* PROVIDED DATA:
⁂

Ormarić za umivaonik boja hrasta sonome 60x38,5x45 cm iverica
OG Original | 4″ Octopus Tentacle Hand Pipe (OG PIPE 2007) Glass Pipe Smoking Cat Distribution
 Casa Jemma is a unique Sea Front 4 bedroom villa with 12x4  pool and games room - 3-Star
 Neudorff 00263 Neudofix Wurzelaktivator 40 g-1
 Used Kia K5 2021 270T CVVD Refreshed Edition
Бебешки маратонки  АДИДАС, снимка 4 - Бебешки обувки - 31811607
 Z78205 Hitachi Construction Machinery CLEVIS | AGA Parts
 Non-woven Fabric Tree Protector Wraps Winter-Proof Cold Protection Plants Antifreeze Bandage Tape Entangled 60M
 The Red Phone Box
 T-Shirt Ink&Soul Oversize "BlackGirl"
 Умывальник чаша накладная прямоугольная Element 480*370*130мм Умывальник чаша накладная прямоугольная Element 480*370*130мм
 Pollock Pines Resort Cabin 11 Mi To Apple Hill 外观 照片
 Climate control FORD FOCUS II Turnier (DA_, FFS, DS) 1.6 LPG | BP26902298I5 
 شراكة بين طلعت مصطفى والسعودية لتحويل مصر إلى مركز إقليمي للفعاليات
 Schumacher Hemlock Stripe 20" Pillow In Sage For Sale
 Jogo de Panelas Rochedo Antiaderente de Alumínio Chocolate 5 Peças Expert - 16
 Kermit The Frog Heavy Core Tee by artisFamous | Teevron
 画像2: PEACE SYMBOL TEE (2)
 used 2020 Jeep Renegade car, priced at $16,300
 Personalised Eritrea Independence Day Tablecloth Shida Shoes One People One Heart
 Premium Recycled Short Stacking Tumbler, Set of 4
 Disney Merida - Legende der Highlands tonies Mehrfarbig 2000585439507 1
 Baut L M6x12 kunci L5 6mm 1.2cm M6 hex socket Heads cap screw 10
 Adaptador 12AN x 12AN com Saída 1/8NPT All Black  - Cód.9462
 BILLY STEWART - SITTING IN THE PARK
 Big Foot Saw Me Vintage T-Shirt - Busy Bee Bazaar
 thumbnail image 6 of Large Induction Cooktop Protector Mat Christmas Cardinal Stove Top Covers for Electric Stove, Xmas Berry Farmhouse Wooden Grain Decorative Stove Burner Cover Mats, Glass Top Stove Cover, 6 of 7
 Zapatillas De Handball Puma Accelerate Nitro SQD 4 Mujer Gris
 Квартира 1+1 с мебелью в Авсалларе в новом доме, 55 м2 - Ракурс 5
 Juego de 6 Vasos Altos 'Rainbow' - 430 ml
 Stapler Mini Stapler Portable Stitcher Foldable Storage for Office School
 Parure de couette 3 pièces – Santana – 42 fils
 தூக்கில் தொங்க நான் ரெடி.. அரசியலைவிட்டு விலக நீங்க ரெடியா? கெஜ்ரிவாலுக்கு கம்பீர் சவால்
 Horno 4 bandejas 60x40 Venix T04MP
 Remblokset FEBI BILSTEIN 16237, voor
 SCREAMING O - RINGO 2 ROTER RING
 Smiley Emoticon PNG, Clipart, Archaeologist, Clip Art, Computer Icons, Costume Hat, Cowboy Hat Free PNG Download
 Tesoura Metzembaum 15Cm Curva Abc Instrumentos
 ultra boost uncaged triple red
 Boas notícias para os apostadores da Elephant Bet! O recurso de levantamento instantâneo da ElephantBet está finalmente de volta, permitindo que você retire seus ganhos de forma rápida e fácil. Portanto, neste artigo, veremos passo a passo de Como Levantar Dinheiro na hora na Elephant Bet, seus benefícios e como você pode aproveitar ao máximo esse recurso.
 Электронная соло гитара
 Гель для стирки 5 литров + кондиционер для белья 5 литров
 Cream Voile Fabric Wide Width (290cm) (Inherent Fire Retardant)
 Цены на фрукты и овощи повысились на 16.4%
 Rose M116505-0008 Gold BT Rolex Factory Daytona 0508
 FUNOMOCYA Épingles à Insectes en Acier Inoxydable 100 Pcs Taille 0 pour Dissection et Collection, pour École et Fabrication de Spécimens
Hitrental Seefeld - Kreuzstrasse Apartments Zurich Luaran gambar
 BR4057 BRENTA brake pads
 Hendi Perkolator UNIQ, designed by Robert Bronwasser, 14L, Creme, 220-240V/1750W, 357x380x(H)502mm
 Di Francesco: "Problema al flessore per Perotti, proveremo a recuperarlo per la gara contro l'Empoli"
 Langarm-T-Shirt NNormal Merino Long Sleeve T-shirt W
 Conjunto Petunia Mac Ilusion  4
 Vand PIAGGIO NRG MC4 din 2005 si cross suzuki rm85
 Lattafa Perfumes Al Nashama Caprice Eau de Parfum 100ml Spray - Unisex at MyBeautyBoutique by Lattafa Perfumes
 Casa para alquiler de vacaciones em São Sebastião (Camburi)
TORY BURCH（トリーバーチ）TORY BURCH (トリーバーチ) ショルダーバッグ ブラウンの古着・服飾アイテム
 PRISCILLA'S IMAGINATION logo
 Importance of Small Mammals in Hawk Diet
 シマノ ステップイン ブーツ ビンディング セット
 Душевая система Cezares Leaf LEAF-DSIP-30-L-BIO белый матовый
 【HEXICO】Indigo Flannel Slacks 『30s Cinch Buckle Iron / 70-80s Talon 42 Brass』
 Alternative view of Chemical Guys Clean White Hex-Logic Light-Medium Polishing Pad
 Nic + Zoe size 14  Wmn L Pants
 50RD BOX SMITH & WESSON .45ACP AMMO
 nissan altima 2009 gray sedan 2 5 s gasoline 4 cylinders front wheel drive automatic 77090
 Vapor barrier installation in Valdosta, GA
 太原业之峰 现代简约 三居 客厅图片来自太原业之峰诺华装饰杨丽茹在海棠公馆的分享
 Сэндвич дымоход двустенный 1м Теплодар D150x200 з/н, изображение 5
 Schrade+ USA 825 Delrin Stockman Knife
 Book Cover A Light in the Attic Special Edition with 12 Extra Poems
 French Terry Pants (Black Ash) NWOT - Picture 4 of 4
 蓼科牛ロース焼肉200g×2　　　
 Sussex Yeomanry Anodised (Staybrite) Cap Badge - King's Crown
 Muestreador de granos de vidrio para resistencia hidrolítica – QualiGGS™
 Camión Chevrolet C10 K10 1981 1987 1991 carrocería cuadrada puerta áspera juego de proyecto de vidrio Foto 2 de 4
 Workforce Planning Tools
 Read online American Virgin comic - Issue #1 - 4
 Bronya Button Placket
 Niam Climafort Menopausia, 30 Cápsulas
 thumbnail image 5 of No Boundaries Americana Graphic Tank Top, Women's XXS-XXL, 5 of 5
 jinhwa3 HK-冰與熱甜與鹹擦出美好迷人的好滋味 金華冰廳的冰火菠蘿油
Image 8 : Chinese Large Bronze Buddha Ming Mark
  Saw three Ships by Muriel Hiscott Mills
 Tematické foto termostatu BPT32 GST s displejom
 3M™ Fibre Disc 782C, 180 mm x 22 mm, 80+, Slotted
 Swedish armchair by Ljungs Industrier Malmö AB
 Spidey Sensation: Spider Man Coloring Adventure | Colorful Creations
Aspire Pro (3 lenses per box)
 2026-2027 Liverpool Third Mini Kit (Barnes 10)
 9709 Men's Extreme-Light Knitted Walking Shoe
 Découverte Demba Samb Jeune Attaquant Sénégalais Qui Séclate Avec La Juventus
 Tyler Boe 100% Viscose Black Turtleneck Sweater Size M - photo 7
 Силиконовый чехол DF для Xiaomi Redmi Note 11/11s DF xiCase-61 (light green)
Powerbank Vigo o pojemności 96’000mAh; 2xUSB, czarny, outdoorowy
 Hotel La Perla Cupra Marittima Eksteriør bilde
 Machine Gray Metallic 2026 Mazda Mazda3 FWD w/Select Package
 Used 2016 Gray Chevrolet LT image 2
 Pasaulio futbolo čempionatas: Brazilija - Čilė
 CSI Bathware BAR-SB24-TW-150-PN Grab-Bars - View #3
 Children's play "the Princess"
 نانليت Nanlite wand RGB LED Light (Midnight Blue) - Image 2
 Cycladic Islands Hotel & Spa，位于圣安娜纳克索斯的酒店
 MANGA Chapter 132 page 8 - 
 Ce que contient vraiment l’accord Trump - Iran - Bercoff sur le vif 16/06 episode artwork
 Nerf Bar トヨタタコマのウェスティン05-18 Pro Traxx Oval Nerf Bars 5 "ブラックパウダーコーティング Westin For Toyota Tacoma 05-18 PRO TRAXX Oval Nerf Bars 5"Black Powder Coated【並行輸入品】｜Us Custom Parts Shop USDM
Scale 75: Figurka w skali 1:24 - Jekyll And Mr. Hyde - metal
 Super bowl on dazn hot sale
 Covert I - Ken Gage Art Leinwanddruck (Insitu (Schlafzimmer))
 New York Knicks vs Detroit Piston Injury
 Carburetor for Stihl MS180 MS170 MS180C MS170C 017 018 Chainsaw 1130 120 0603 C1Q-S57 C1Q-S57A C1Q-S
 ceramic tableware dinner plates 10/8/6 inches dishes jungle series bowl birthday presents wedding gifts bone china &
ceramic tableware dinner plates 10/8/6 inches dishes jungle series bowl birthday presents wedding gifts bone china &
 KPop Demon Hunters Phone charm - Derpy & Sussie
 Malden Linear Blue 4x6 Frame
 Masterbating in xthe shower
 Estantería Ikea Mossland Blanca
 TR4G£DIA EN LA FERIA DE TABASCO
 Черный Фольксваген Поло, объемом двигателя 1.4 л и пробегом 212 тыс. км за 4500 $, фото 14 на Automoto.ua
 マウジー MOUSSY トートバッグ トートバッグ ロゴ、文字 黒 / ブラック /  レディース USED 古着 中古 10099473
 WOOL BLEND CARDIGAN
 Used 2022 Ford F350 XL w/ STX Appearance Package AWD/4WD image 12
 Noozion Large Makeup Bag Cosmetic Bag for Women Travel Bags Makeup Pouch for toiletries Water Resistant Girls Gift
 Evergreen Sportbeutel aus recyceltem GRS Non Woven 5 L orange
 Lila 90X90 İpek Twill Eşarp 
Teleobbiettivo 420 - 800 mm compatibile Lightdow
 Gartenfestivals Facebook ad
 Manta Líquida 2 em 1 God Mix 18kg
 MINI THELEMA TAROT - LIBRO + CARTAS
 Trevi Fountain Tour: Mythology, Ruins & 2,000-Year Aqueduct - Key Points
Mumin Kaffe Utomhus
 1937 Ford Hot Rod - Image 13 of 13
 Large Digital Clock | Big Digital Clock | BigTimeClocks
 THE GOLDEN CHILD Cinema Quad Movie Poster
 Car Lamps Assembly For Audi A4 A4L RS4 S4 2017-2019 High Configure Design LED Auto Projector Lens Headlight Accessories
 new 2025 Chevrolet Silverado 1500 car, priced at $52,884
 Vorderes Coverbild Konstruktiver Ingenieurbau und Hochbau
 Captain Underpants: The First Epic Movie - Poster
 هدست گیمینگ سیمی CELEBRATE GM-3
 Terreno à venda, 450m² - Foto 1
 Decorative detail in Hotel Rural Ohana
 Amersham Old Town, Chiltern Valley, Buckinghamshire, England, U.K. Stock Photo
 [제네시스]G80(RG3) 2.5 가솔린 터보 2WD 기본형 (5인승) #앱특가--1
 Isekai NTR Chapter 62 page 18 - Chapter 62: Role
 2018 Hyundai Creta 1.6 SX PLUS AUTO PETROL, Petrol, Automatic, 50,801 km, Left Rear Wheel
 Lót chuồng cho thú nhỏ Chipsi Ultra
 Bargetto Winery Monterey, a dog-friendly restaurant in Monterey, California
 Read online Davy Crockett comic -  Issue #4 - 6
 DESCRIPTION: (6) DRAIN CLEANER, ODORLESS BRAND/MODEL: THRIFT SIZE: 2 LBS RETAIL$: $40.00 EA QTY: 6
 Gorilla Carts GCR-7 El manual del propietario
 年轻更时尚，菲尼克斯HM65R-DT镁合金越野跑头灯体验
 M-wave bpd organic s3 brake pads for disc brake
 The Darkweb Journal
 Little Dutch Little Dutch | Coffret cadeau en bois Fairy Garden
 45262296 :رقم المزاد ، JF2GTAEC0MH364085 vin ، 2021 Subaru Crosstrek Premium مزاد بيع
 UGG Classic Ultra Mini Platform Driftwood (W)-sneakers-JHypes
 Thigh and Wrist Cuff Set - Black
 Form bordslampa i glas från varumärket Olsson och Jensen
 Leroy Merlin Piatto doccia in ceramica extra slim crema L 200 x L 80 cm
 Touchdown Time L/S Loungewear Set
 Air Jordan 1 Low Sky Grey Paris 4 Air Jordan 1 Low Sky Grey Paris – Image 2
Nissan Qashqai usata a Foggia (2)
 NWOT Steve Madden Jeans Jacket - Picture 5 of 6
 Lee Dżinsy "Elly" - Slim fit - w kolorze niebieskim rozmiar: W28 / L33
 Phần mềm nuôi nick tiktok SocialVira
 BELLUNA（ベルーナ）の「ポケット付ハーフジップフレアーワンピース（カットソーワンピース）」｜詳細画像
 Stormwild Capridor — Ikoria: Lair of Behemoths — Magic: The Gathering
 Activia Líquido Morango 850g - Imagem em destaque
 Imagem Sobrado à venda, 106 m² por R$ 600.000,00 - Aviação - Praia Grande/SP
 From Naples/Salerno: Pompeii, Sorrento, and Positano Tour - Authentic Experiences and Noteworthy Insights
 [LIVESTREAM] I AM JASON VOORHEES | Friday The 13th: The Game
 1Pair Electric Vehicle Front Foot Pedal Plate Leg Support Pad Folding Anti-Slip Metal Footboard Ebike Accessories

⁂

* INSTRUCTIONS FOR THE TASK:
Word for word, restate the lines above from the line containing "CSI Bathware BAR-SB24-TW-150-PN" through the line containing "MANGA Chapter 132", with both included and nothing else.

* EXERCISE RESULT:
 CSI Bathware BAR-SB24-TW-150-PN Grab-Bars - View #3
 Children's play "the Princess"
 نانليت Nanlite wand RGB LED Light (Midnight Blue) - Image 2
 Cycladic Islands Hotel & Spa，位于圣安娜纳克索斯的酒店
 MANGA Chapter 132 page 8 - 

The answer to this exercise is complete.